It's complicated...
That's really about my impression and feeling of the game, but I suspect the same could describe the game itself. First a little about my own tastes and biases that might affect my perceptions and enjoyment of the game.
It is a 'sandbox' game (except it isn't really, it is merely a free-roam game, as there's no real sense of being able to create your own game within a game that a true sandbox has), and while I know many dislike those, I actually prefer sandbox games. In theory then I am probably liking this game a little more on that aspect than average, and certainly much more favourably than those who dislike sandbox or open-world/free-roam games.

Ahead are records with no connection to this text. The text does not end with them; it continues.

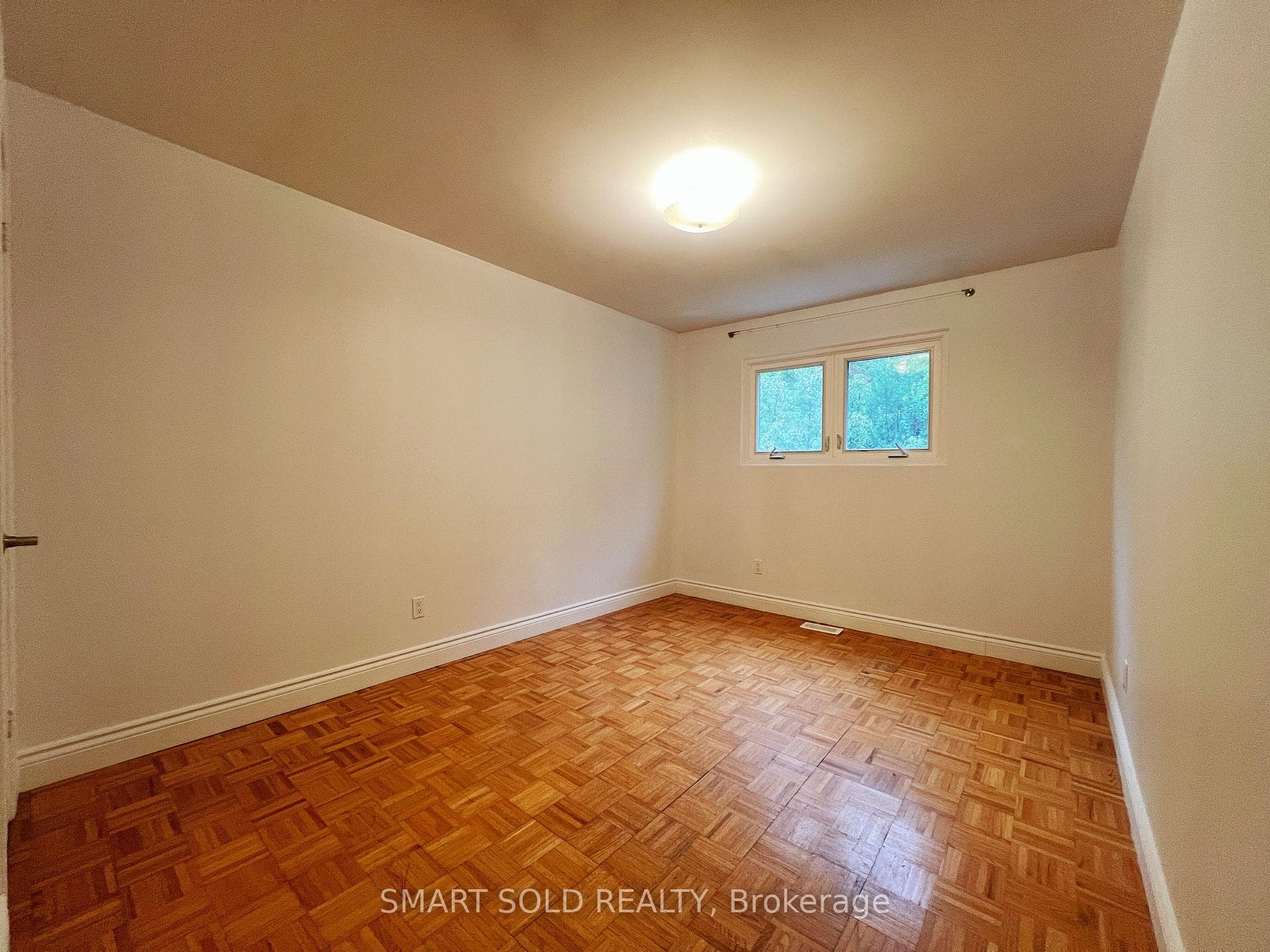 171 Angus Drive Unit UPPER photo 10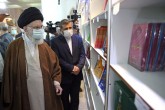 امام خامنه‌ای از نمایشگاه کتاب بازدید کردند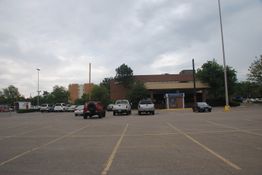 Bank of the West-Hampden: 7995 E Hampden Ave, Denver, CO 80231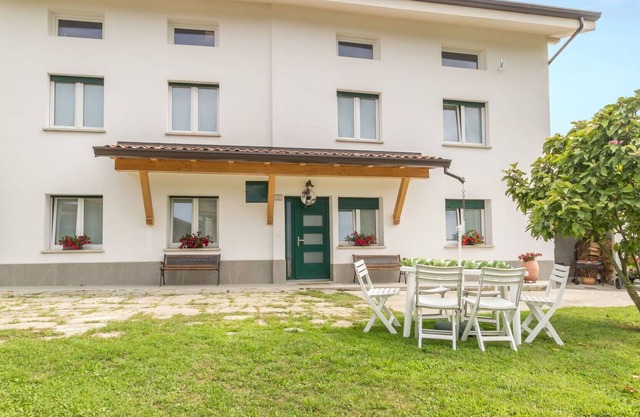 Atemberaubendes alleinstehendes Ferienhaus mit W-LAN, TV, Haustiere erlaubt und Parkplatz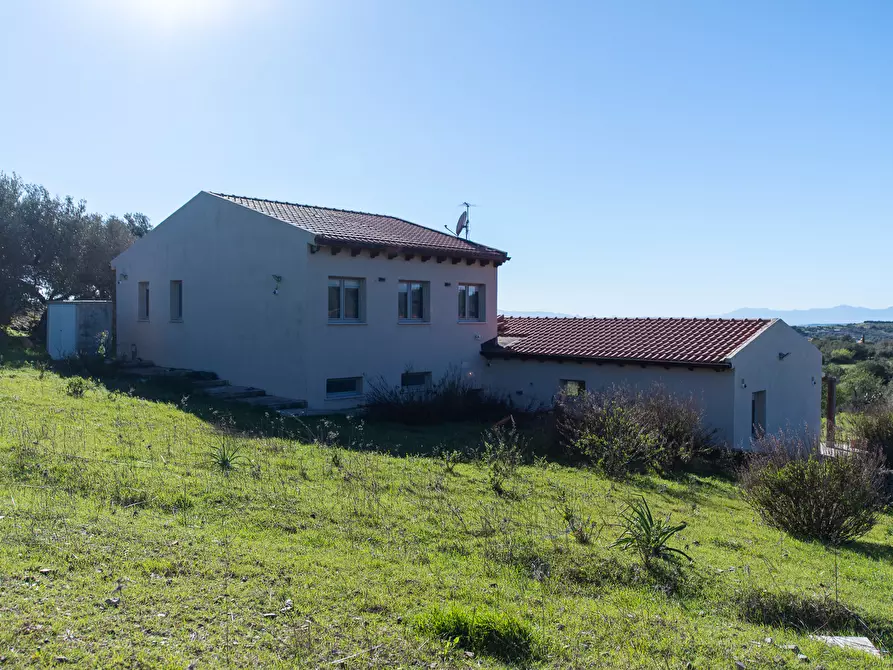 Immagine 54 di Villa in vendita  a Soleminis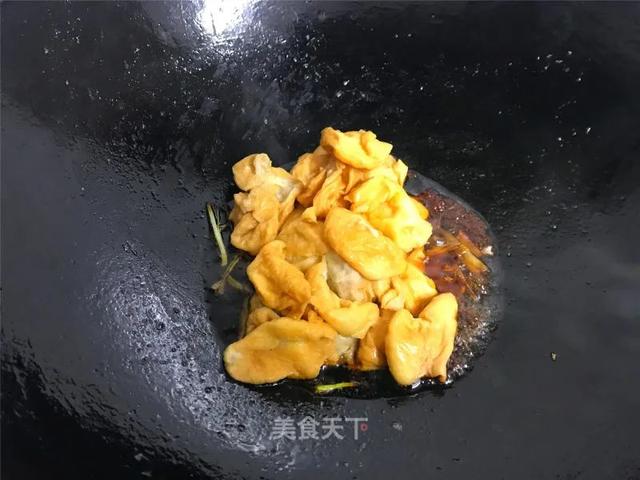 干饭人超爱的油面筋做法！软嫩有韧劲，咬一口就会爆汁！超下饭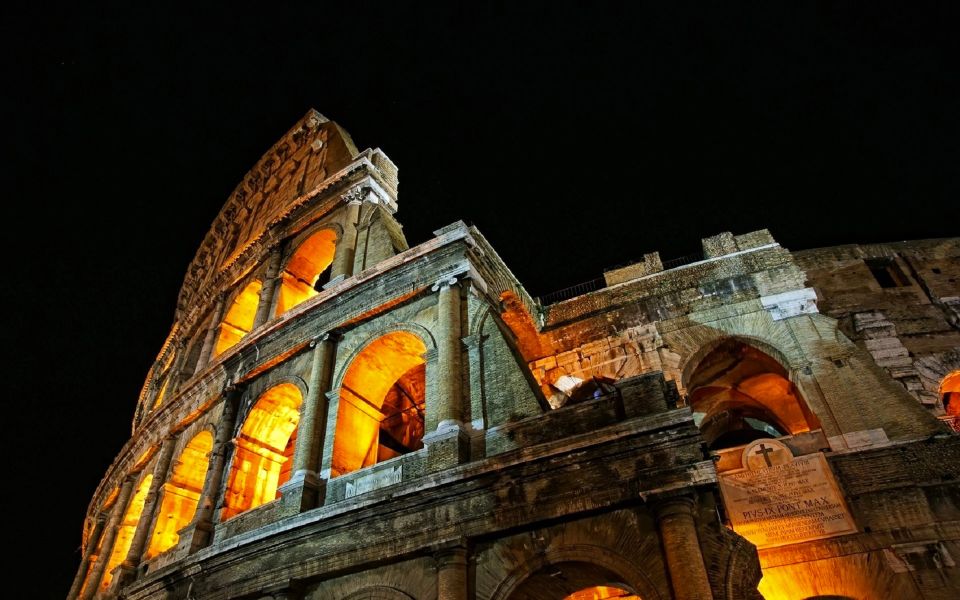 Rome: Hop on Hop Off Bus & Colosseum Guided Tour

The CGI is all generated primarily with Koikatsu (the game from Illusion) which has a simple anime style, is very easy to use for developers, already gives them huge amounts of animations., etc. Here my personal taste is to slightly dislike Koikatsu based images, partly because I already played Koikatsu to death (and it is a far more polished game than this one), partly because anime imagery is cute but lacks the visceral photorealistic qualities I prefer for porn of any kind, and mostly because it is just so massively overused that we've seen it all, endlessly, removing all visual novelty before the creator has even started. The story makes no real use of the 'cutesy' aspect, at all, set in a gritty, visceral world, so minus marks here. It's the wrong art-style for the story being depicted.
Finally, I really like novelty and innovation. I tend to prefer games that have big ideas and ideals, where the dev is really trying to push boundaries. I can tolerate games that are similar to other games only if they truly exemplify the very best quality of the type. It is okay for a game to be essentially similar to other familiar ones if it is a 'best of class', doing it exceptionally well, like a true homage to the already existing art. Anything else is just "me too" copying without any originality, which I dislike. The tropes in this game are all things I have seen before in other games, and usually better realized than in this one.
So, with my biases explained, this game really wasn't ever likely to score above 3 stars unless the writing, gameplay, and interface were all noticably above average or even exemplory. None of them are.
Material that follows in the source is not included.